Recorded data
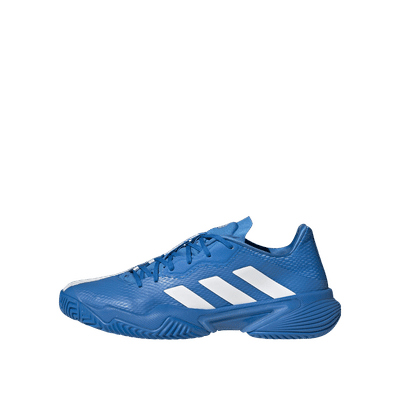 adidas-blue-gy1446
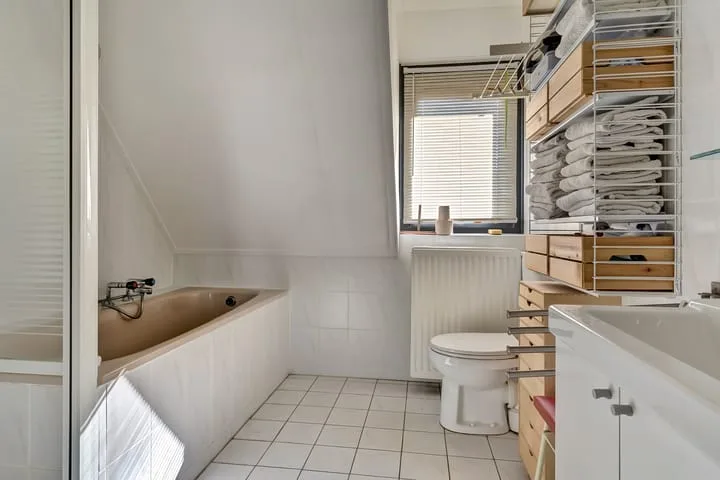 Beumerskamp 37 Doesburg thumbnail 20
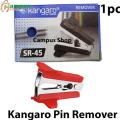 Kangaro Pin Remover - Multicolour (1pc). 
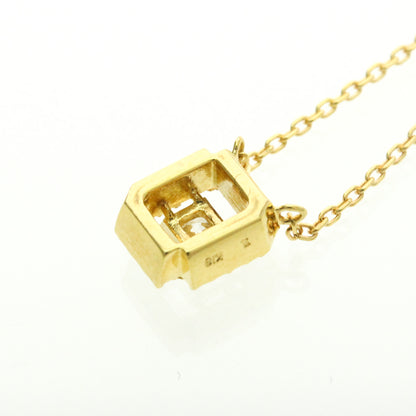 Vendome Aoyama Diamond Square · 18K Gold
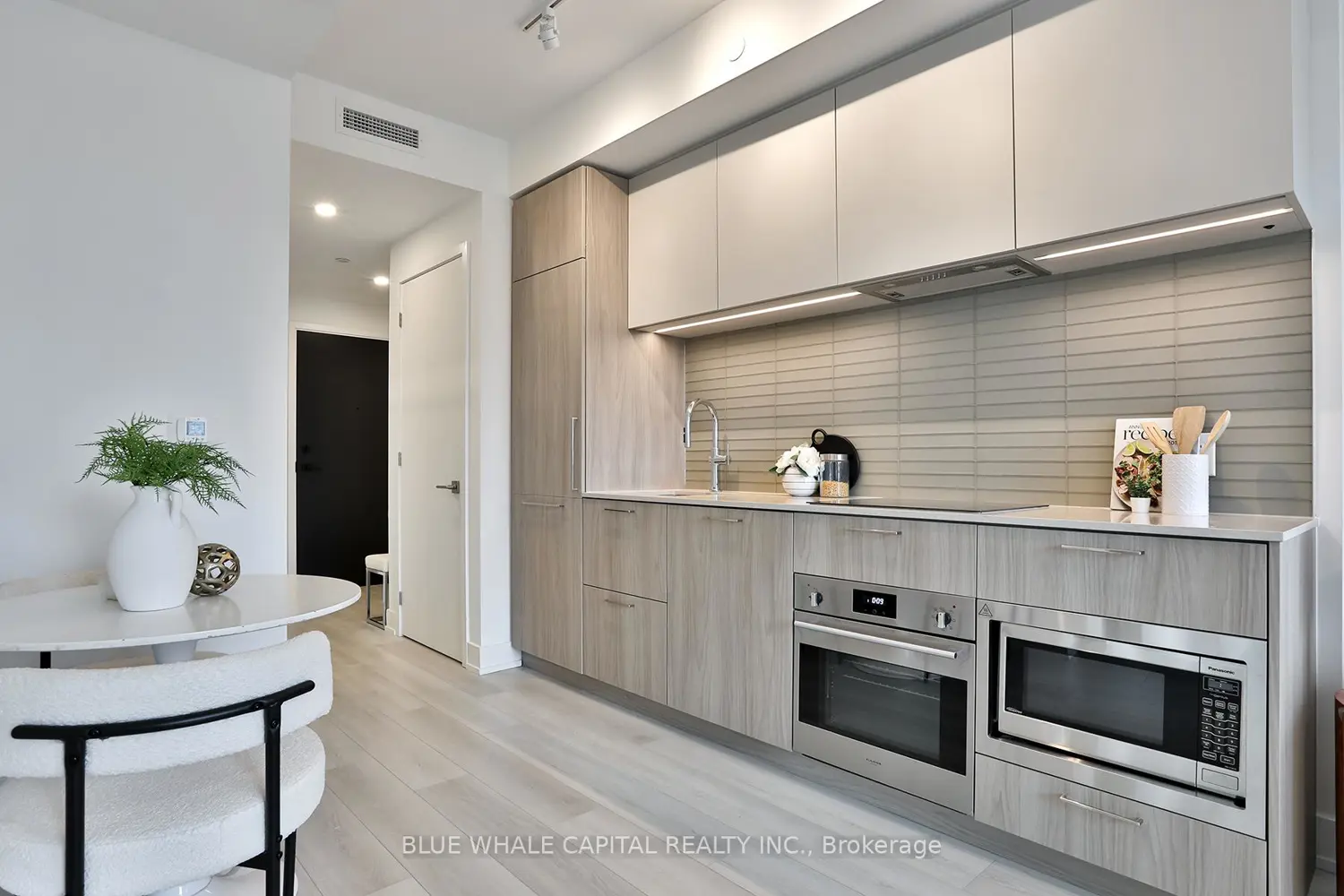 Additional image 3 of 36 Olive Avenue 1205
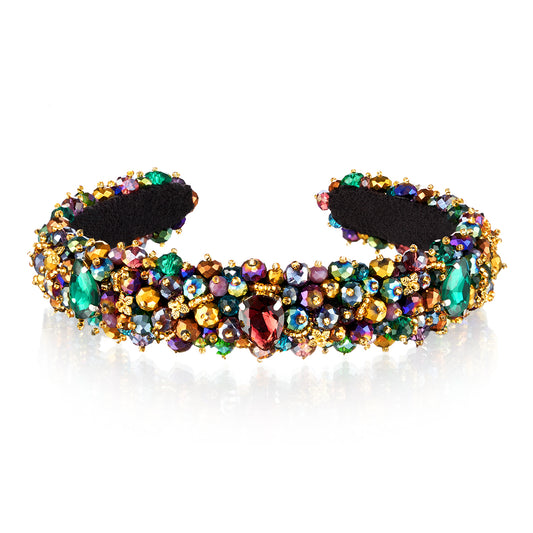 Liberty narrow Power of colors - opaska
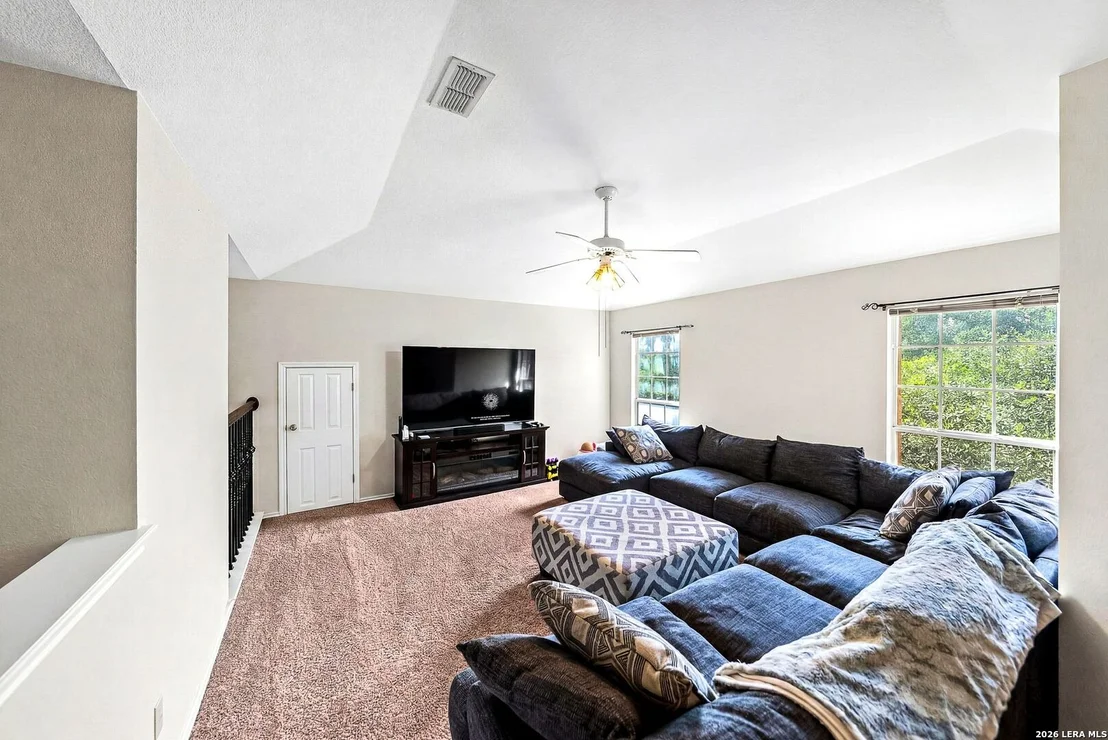 Photo of 14618 Porterhouse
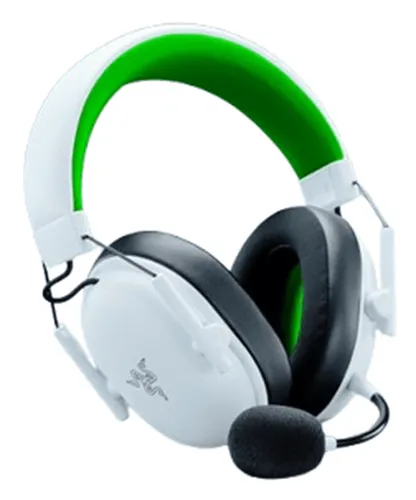 AURICULARES RAZER BLACKSHARK V3 X HYPERSPEED FOR XBOX BLANCO (RZ04-05420300-R3M1)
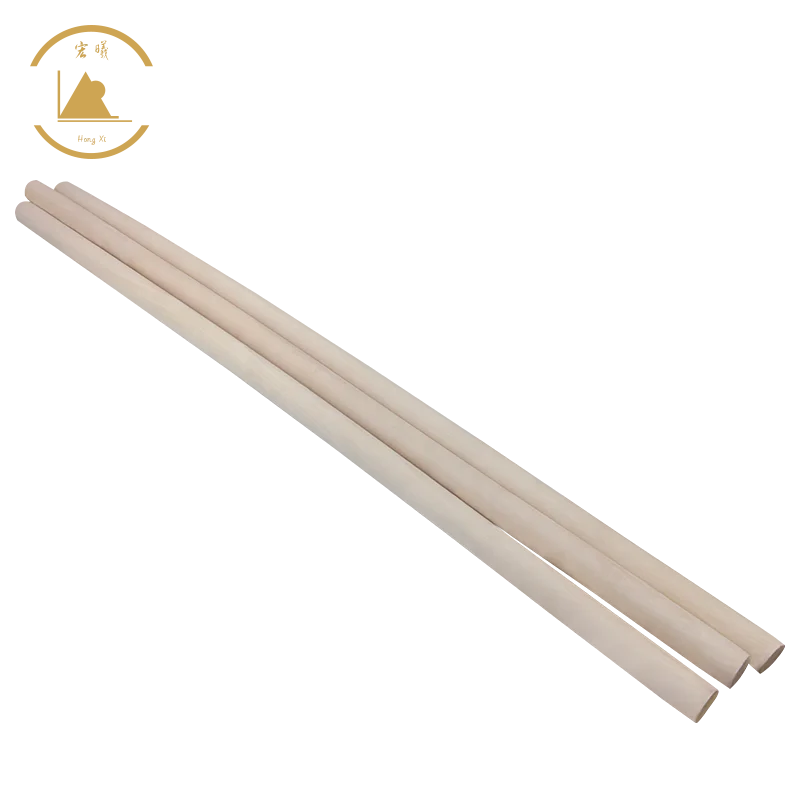 Заводская поставка, деревянная Березовая наклейка для мебели, аксессуары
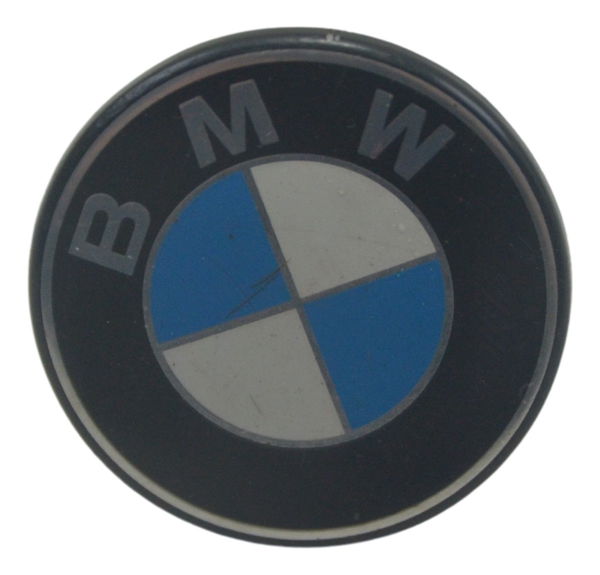 Emblema Mesa Superior Bmw K 1600 Gt 11-16 Original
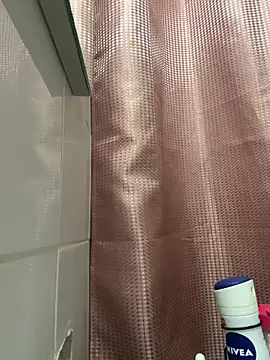 Hugo34bg online show from 10, 4, 2026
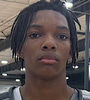 Tarris Bouie Avatar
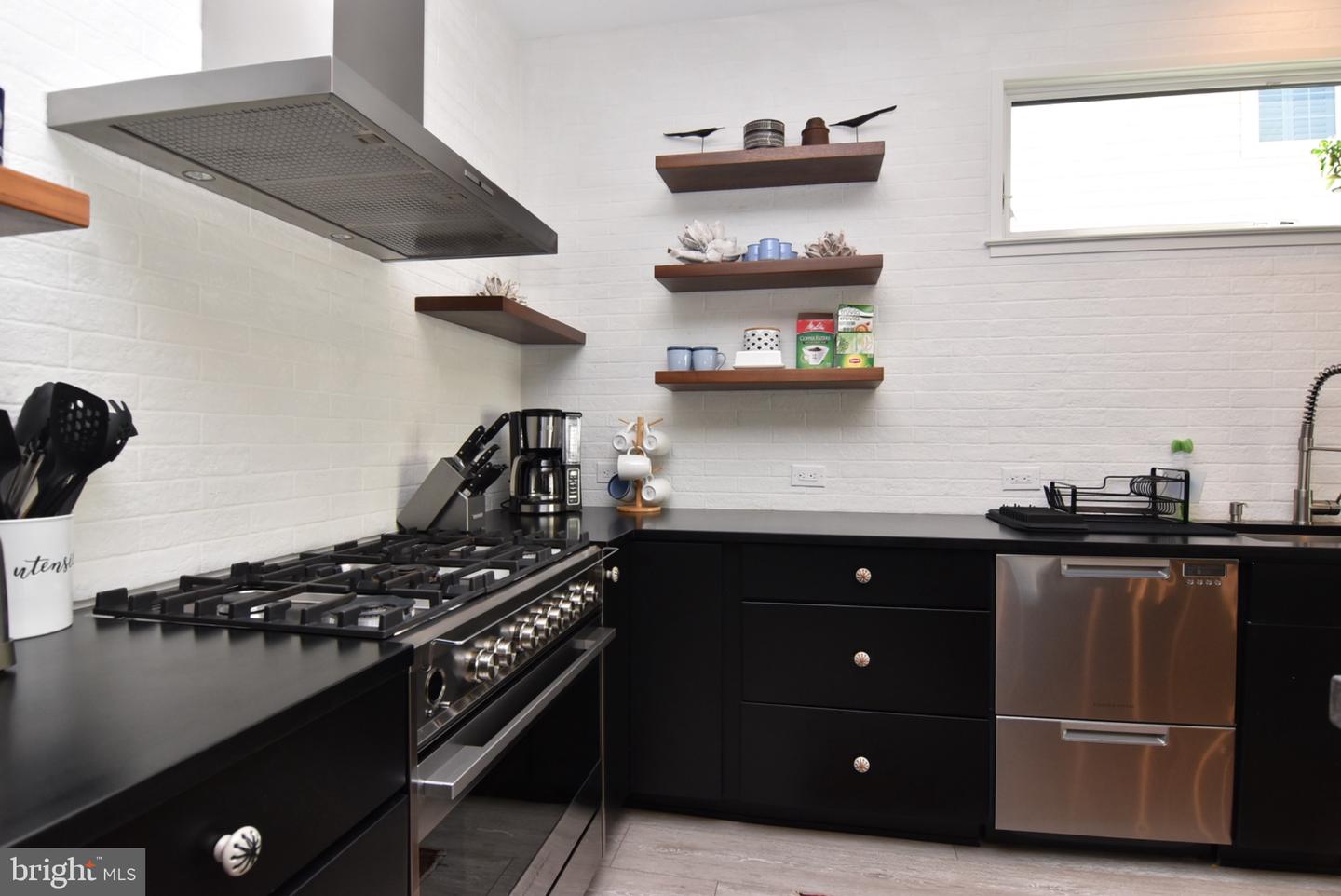 DESU2101012-804331262050-2025-11-25-11-23-13 35 Maryland Ave | Rehoboth Beach, DE Real Estate For Sale | MLS# Desu2101012 - Jack Lingo REALTOR DESU2101012-804331262050-2025-11-25-11-23-13 35 Maryland Ave | Rehoboth Beach, DE Real Estate For Sale | MLS# Desu2101012 - Jack Lingo REALTOR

What is expected: Retype, exactly as written, each line from the one containing "Additional image 3 of 36 Olive Avenue 1205" through the end of the data above, and leave out every picture.

Your solution:
 Additional image 3 of 36 Olive Avenue 1205
 Liberty narrow Power of colors - opaska
 Photo of 14618 Porterhouse
 AURICULARES RAZER BLACKSHARK V3 X HYPERSPEED FOR XBOX BLANCO (RZ04-05420300-R3M1)
 Заводская поставка, деревянная Березовая наклейка для мебели, аксессуары
 Emblema Mesa Superior Bmw K 1600 Gt 11-16 Original
 Hugo34bg online show from 10, 4, 2026
 Tarris Bouie Avatar
 DESU2101012-804331262050-2025-11-25-11-23-13 35 Maryland Ave | Rehoboth Beach, DE Real Estate For Sale | MLS# Desu2101012 - Jack Lingo REALTOR DESU2101012-804331262050-2025-11-25-11-23-13 35 Maryland Ave | Rehoboth Beach, DE Real Estate For Sale | MLS# Desu2101012 - Jack Lingo REALTOR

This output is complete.